AHF: Cal OSHA Institutes Stricter Porn Regs
Press Release – AIDS Healthcare Foundation (AHF) has learned that California’s Department of Industrial Relations, Division of Occupational Safety and Health’s Appeals Board (Cal/OSHA), has upheld an appeal of several workplace safety violations issued by Cal OSHA against Treasure Island Media, Inc. (TIM), a Bay Area adult film production company that primarily serves and produces condom-less, or ‘bareback’ films for the gay market. Despite being compelled to formally reduce the severity of the designation of two of the safety violations, which triggered a predetermined reduction in fines, California’s workplace safety watchdog upheld the citations while at the same time reiterated and clarified its jurisdictional oversight over health and safety in the multi-billion dollar California industry.
In a ruling that should give the adult industry pause, OSHA’s Appeals Board’s ruling, executed August 13, 2015, found that OSHA’s Bloodborne Pathogens statute section 5193 does apply to the adult industry, and that for OSHA purposes, adult film performers are to be classified as ‘employees’ and not as ‘independent contractors.’ The adult industry has long argued that OSHA’s safety regulations do not apply to them—that the state’s Bloodborne Pathogens statute section 5193 applies to nurses and doctors—and that adult performers are considered independent contractors and not employees—a status that would relieve the industry of compliance with many OSHA workplace safety regulations.
“Not only did OSHA uphold the safety violations that are the heart of this complaint, the Appeals Board also made it abundantly clear in this ruling that OSHA section 5193 of the Bloodborne Pathogens statute does, in fact, apply to the adult film industry despite the industry’s years-long protestations otherwise,” said Michael Weinstein, President of AIDS Healthcare Foundation. “In addition, this OSHA Appeals Board ruling unequivocally states that the adult film performers are employees, not independent contractors, as the industry regularly asserts, and as such are covered under OSHA workplace safety statutes.”
Several of Treasure Island’s OSHA citations arose from one 2009 film submitted as evidence by AHF in some ‘Notice of Safety or Health Hazards’ complaints to Cal/OSHA. The film depicts unprotected sex involving several men, as well as scenes depicting one of the men receiving the previously collected semen of over 1,000 men into one of his body orifices.

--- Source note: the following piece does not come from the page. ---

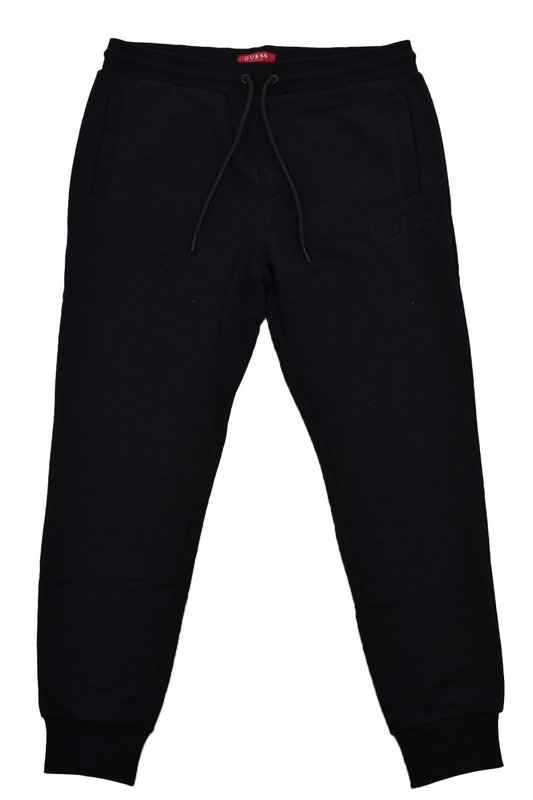 GUESS Jogging Logo Brod  -  Guess Jeans - Homme JBLK Jet Black A996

And while Cal/OSHA was compelled to reduce the severity of two Bloodborne Pathogens statute section 5193 citations in the appeal from “serious” to “general” violations (with a corresponding decrease in fines), both citations were ultimately upheld by OSHA. Cal/OSHA was forced to interpret and judge the Treasure Island Media case appeal under older federal and state standards in effect at the time. OSHA had to consider the appeal through the lens of “substantial probability” of infection rather than the newer, current standard: a “realistic possibility” of infection. Judging standards didn’t change until after the TIM citation and appeal back in 2010. The “Realistic possibility” judging standard in effect today only requires evidence of exposure (e.g., ejaculation on mucous membranes) to be considered a ‘serious’ violation, and is the standard going forward for all complaints.
“If this ruling is a “triumph,” as Treasure Island claims, they certainly have an odd view of victory,” added AHF’s Weinstein. “This ruling confirms that OSHA regulations apply to porn sets and that adult film performers are employees covered by health and safety regulations. We also now know that the criteria for judging OSHA violations going forward is under the newer ‘realistic possibility’ of infection, which will make it easier to cite companies and protect adult film workers.”